Forecasting

5 Reasons Your Demand Forecast Is Underperforming (And How to Fix Them)

McAdoo Analytics · 8 min read

Forecast error above 25% MAPE is rarely a data problem. In most cases, it's a structural one — patterns in how the model was built, what data it sees, and how it gets maintained. After working with manufacturers, utilities, and distributors across a range of data environments, the same five issues surface almost every time.

1. You're Forecasting from Sales History Alone

Historical sales are necessary but not sufficient. Demand is shaped by promotions, pricing changes, seasonality, competitor activity, macroeconomic signals, and dozens of other factors your sales history doesn't capture. A model trained only on past units will consistently miss inflection points.

The fix: Incorporate external regressors — promotional calendars, pricing data, weather indices, or leading economic indicators — as model inputs. Even a few well-chosen covariates can meaningfully shift accuracy.

Practical note: You don't need perfect external data. A clean promotional flag and a handful of calendar features (week of year, month-end) often move the needle more than sophisticated ML architecture alone.

2. You're Running One Model Across All SKUs

A single model fit to your entire catalog is averaging out the behavior of your fastest-moving items with your slowest, your most seasonal with your most stable.

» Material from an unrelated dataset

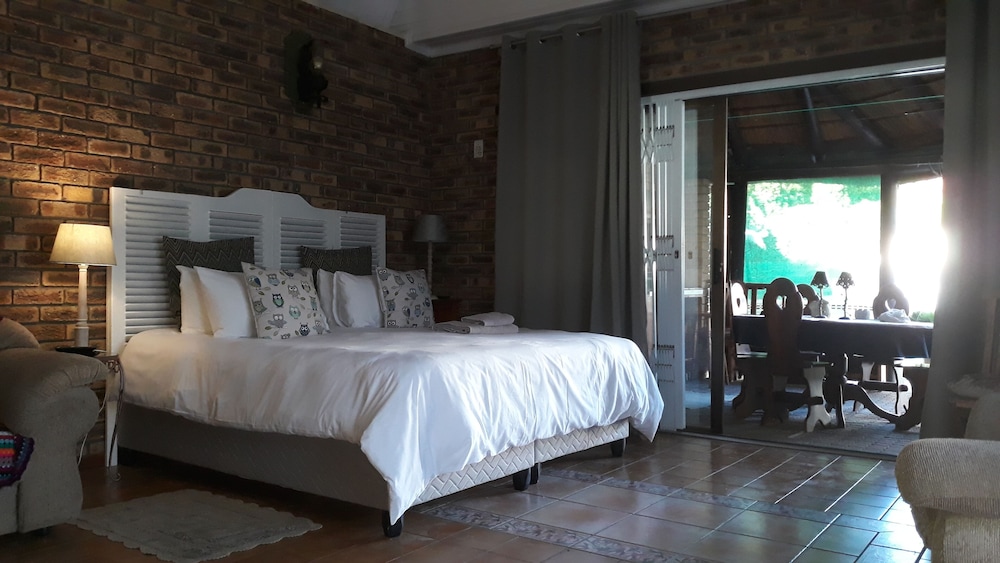 Bachelor Flat photo 2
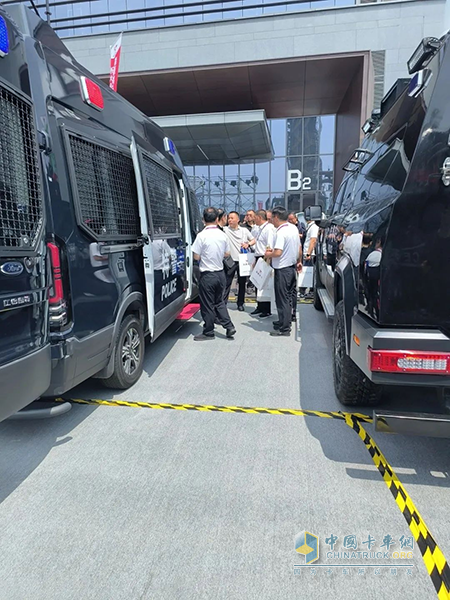 森源鸿马防暴突击车助力警务工作新升级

The result is a model that fits nothing particularly well.

The fix: Segment your SKUs by demand pattern — velocity, coefficient of variation, seasonality strength — and apply different modeling approaches to each segment. High-volume, stable SKUs and intermittent low-volume SKUs warrant entirely different methods.

3. No Walk-Forward Validation

If your model was validated using a random train-test split, you've likely overfit to your historical period. Demand forecasting is a time-series problem — future data cannot inform the past, but a random split doesn't enforce that constraint.

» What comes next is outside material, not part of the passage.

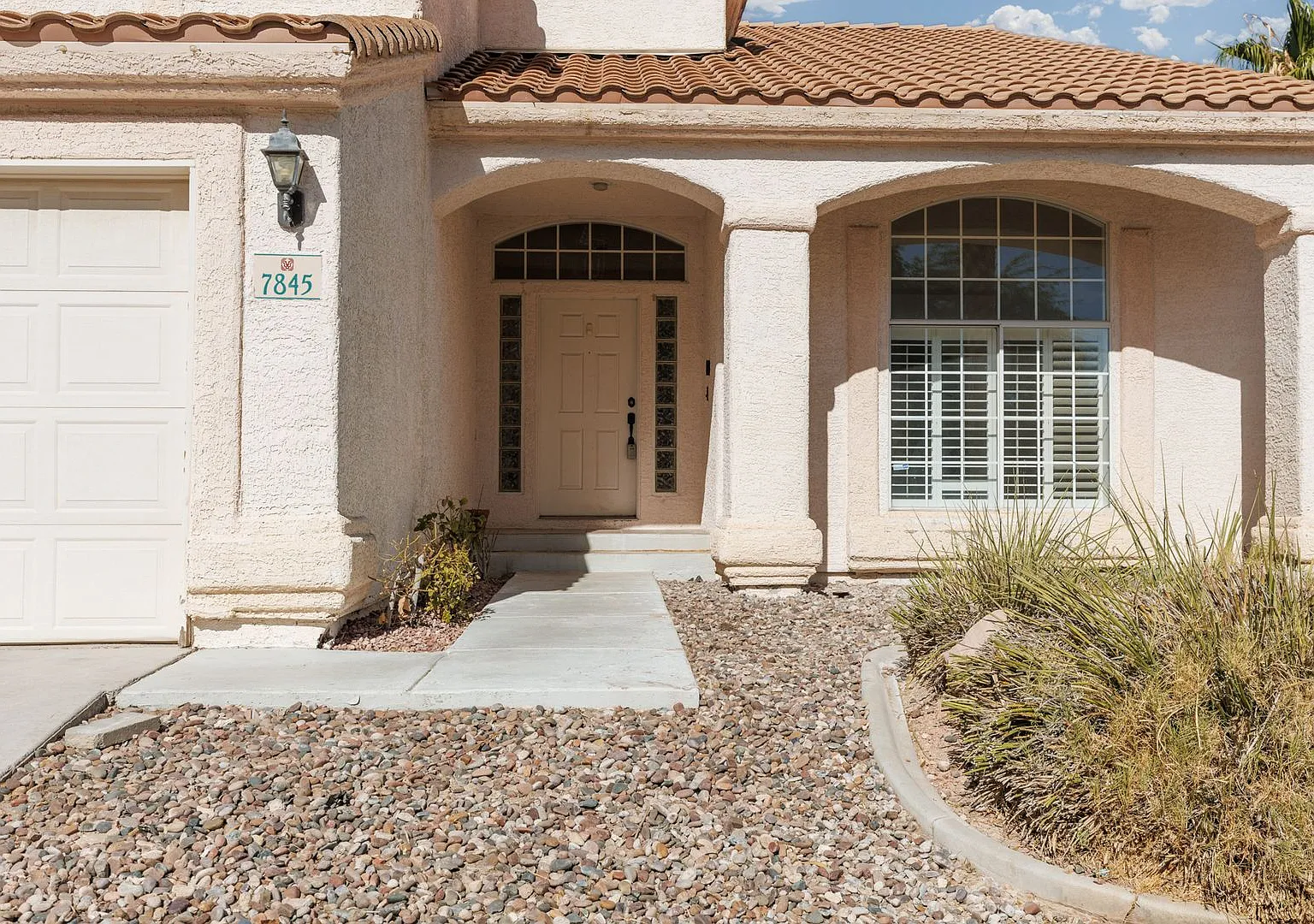 Large Silverado Ranch home with pool — Photo 4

The fix: Use walk-forward (expanding window) cross-validation. Train on months 1–12, test on 13–15. Then train on 1–15, test on 16–18. Repeat. This gives you honest, out-of-sample error estimates that reflect real-world performance.

4. Lead Time Isn't in the Model

A forecast horizon of 4 weeks is meaningless if your procurement lead time is 10 weeks. Most models are built without accounting for how far out the forecast actually needs to reach — and the accuracy degrades badly at longer horizons when it's not explicitly trained for them.

The fix: Align your forecast horizon to your operational lead time. Build multi-horizon models or at minimum evaluate accuracy at the specific horizons your planning team actually uses for decisions.

5. The Model Is Stale

A model trained on pre-2020 data and never updated is operating on a fundamentally different demand reality than your current environment. Demand patterns shift — seasonality changes, customer mix evolves, supply disruptions introduce structural breaks. A model that isn't retrained periodically will drift.

The fix: Build retraining into the operational workflow. Even a quarterly refit on the most recent 24 months of data — with automated performance monitoring to flag drift — will sustain accuracy far better than a one-time build.

Modern ML Forecasting: What It Actually Adds

Temporal Fusion Transformers (TFT) and gradient boosting models like XGBoost don't just "do ML" on your data — they handle multi-variate inputs, variable-length histories, and multi-horizon outputs in ways that classical statistical models fundamentally cannot. But they're not magic. The structural issues above still apply; they just have better raw material to work with once you address them.

In practice, organizations that fix the five issues above and adopt modern ML forecasting typically see 20–35% MAPE improvement over their baseline — with the gains concentrated at SKUs where demand is most variable and most important to get right.

A Practical Starting Point

If you're starting from scratch, focus first on data quality and segmentation. A clean, well-segmented ARIMA or ETS model will outperform a poorly-scoped deep learning model every time. Get your structure right, then bring in more sophisticated modeling.

If you're maintaining a model that's decaying, prioritize walk-forward validation and a retraining schedule. You don't need a rebuild — you need a maintenance discipline.

Either way, the path from broken forecasting to reliable forecasting is shorter than most teams expect — usually 6–10 weeks with focused effort and the right approach.